Output of `toPhylo` & co non-deterministic? (#329) · Issues · gargantext / haskell-gargantext

Output of `toPhylo` & co non-deterministic?

This ticket requires more investigation, but when I was working on purescript-gargantext#632 (closed) , as part of my regression tests I wanted to add a test to check that the output of PhyloExport would stay the same between round of refactorings I was doing.

To do that, I have added the following test which checks the output against a golden test:

testPhyloExportExpectedOutput :: Assertion
testPhyloExportExpectedOutput = do

  -- Acquire the config from the golden file.
  expected_e <- JSON.eitherDecodeFileStrict' =<< getDataFileName "test-data/phylo/112828.json"
  case expected_e of
    Left err -> fail err
    Right (pd :: PhyloData) -> do
      let goldenCfg  = pd_config pd
      corpusPath'    <- getDataFileName "test-data/phylo/GarganText_DocsList-nodeId-112828.csv"
      listPath'      <- getDataFileName "test-data/phylo/GarganText_NgramsList-112829.csv"
      let config     = goldenCfg { corpusPath = corpusPath'
                                 , listPath   = listPath'
                                 , listParser = V3
                                 }
      mapList <- fileToList (listParser config) (listPath config)
      corpus <- fileToDocsDefault (corpusParser config)
                                  (corpusPath config)
                                  [Year 3 1 5,Month 3 1 5,Week 4 2 5]
                                  mapList
      actual_e   <- JSON.parseEither JSON.parseJSON <$> phylo2dot2json (toPhylo $ toPhyloWithoutLink corpus config)
      case actual_e of
        Left err -> fail err
        Right (expected :: GraphData) -> do
          let prettyConfig = JSON.defConfig { JSON.confCompare = compare }
          let actualJSON   = TE.decodeUtf8 (BL.toStrict $ JSON.encodePretty' prettyConfig $ pd_data pd)
          let expectedJSON = TE.decodeUtf8 (BL.toStrict $ JSON.encodePretty' prettyConfig $ expected)
          assertBool (show $ ansiWlEditExpr $ ediff' expectedJSON actualJSON) (expectedJSON == actualJSON)

To my surprise, this test randomly fails sometimes.
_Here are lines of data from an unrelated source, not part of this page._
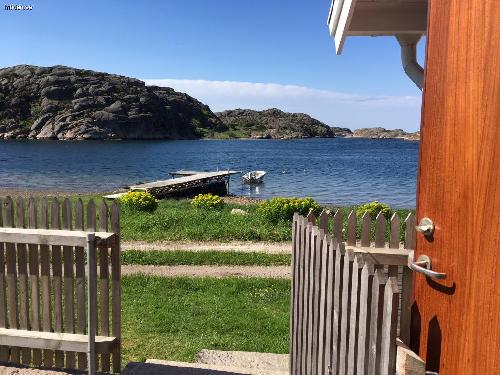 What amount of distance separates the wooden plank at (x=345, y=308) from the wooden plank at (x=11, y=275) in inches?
148

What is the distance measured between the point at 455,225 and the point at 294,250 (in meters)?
2.25

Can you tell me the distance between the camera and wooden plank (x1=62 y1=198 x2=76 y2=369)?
4.89 m

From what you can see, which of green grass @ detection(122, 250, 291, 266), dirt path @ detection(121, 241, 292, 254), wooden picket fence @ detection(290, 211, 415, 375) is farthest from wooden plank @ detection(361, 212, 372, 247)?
dirt path @ detection(121, 241, 292, 254)

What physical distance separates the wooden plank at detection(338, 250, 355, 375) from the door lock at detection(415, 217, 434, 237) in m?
0.42

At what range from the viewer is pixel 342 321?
9.39 feet

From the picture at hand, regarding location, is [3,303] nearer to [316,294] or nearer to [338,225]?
[316,294]

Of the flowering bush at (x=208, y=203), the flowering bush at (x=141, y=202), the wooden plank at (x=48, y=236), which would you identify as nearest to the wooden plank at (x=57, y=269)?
the wooden plank at (x=48, y=236)

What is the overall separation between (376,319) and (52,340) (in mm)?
3878

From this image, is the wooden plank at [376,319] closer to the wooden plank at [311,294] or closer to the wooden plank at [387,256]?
the wooden plank at [311,294]

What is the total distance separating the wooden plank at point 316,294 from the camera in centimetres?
348

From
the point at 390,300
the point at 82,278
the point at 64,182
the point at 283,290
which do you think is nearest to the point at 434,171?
the point at 390,300

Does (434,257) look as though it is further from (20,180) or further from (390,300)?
(20,180)

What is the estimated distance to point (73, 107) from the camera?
5404 inches

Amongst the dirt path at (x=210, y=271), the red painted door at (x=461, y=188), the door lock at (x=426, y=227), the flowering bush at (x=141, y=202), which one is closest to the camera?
the red painted door at (x=461, y=188) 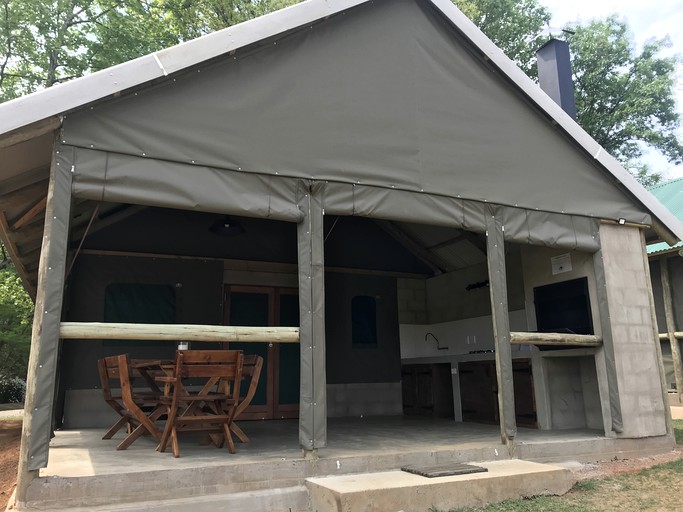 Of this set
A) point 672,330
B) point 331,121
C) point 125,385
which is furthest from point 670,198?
point 125,385

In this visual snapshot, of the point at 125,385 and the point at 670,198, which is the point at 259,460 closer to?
the point at 125,385

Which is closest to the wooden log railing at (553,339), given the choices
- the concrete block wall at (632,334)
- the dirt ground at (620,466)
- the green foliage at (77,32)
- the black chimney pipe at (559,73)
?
the concrete block wall at (632,334)

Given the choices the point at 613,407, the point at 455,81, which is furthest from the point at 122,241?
the point at 613,407

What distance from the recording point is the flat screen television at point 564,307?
20.3ft

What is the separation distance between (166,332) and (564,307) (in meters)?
4.93

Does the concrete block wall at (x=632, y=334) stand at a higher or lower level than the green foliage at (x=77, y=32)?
lower

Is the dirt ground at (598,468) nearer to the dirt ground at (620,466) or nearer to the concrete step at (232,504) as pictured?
the dirt ground at (620,466)

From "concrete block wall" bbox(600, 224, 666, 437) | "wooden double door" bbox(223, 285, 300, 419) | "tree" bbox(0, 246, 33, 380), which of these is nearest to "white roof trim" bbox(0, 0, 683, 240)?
"concrete block wall" bbox(600, 224, 666, 437)

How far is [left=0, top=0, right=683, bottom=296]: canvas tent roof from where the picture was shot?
3.97 meters

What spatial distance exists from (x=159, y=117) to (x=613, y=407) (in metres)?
5.45

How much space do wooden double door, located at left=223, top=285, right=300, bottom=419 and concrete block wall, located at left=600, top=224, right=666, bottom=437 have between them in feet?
14.7

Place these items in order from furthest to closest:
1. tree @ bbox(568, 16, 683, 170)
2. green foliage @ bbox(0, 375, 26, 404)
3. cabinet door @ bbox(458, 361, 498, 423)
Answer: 1. tree @ bbox(568, 16, 683, 170)
2. green foliage @ bbox(0, 375, 26, 404)
3. cabinet door @ bbox(458, 361, 498, 423)

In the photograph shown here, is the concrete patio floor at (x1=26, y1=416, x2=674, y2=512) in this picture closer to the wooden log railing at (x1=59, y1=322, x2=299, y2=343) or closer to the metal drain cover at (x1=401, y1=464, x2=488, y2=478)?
the metal drain cover at (x1=401, y1=464, x2=488, y2=478)

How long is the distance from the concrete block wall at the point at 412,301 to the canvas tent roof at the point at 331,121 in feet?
12.8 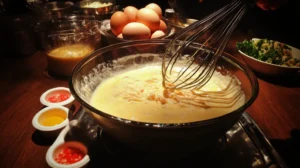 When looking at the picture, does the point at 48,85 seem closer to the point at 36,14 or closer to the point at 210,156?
the point at 36,14

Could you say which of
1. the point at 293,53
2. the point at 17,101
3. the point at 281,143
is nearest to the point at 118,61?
the point at 17,101

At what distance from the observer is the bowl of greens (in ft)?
3.73

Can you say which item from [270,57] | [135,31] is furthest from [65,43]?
[270,57]

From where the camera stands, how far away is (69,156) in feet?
2.13

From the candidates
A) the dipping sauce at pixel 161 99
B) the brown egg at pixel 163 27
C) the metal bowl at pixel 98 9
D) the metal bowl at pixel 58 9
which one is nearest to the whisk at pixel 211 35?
the dipping sauce at pixel 161 99

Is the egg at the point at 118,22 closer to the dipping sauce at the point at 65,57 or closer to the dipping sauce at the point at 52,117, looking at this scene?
the dipping sauce at the point at 65,57

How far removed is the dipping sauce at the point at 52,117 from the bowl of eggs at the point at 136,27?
0.49 metres

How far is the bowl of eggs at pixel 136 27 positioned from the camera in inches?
45.9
At first I thought it was due to the fact that JSON.encode doesn't produce sorted objects (especially since aeson 2.x switched from containers to unordered-containers) but I have mitigated that by using the encodePretty' function from aeson-pretty that can produce JSON objects which have sorted keys.

Despite that, I still get some random failures. Observe this excerpt, that is using the tree-diff library to show a diff-like counterexample:

            -"            \"name\": \"Period20062008\",\n",
            +"            \"name\": \"Branches peaks\",\n",
            "            \"nodes\": [\n",
            -"                19\n",
            +"                18\n",
            "            ],\n",
            "            \"nodesep\": \"1\",\n",
            "            \"overlap\": \"scale\",\n",
            "            \"phyloBranches\": \"1\",\n",
            "            \"phyloDocs\": \"72.0\",\n",
            "            \"phyloFoundations\": \"221\",\n",
            "            \"phyloGroups\": \"9\",\n",
            "            \"phyloPeriods\": \"17\",\n",
            "            \"phyloSources\": \"[]\",\n",
            "            \"phyloTerms\": \"95\",\n",
            "            \"phyloTimeScale\": \"year\",\n",
            "            \"rank\": \"same\",\n",
            "            \"ranksep\": \"1\",\n",
            "            \"ratio\": \"fill\",\n",
            "            \"splines\": \"spline\",\n",
            "            \"style\": \"filled\"\n",
            "        },\n",
            "        {\n",
            "            \"_gvid\": 1,\n",
            "            \"bb\": \"0,0,1224.6,2787\",\n",
            "            \"color\": \"white\",\n",
            "            \"fontsize\": \"30\",\n",
            "            \"label\": \"Phylo Name\",\n",
            "            \"labelloc\": \"t\",\n",
            "            \"lheight\": \"0.47\",\n",
            "            \"lp\": \"612.32,2766.2\",\n",
            "            \"lwidth\": \"2.07\",\n",
            -"            \"name\": \"Period20072009\",\n",
            +"            \"name\": \"Period20062008\",\n",
            "            \"nodes\": [\n",
            -"                20\n",
            +"                19\n",
            "            ],\n",

It's a bit hard to read, so let's try with a screenshot:

I'm not sure exactly how the algorithm is meant to work, but I would have expected it to generate a predictable list of nodes and edges, especially since it's meant to be mostly (completely?) pure.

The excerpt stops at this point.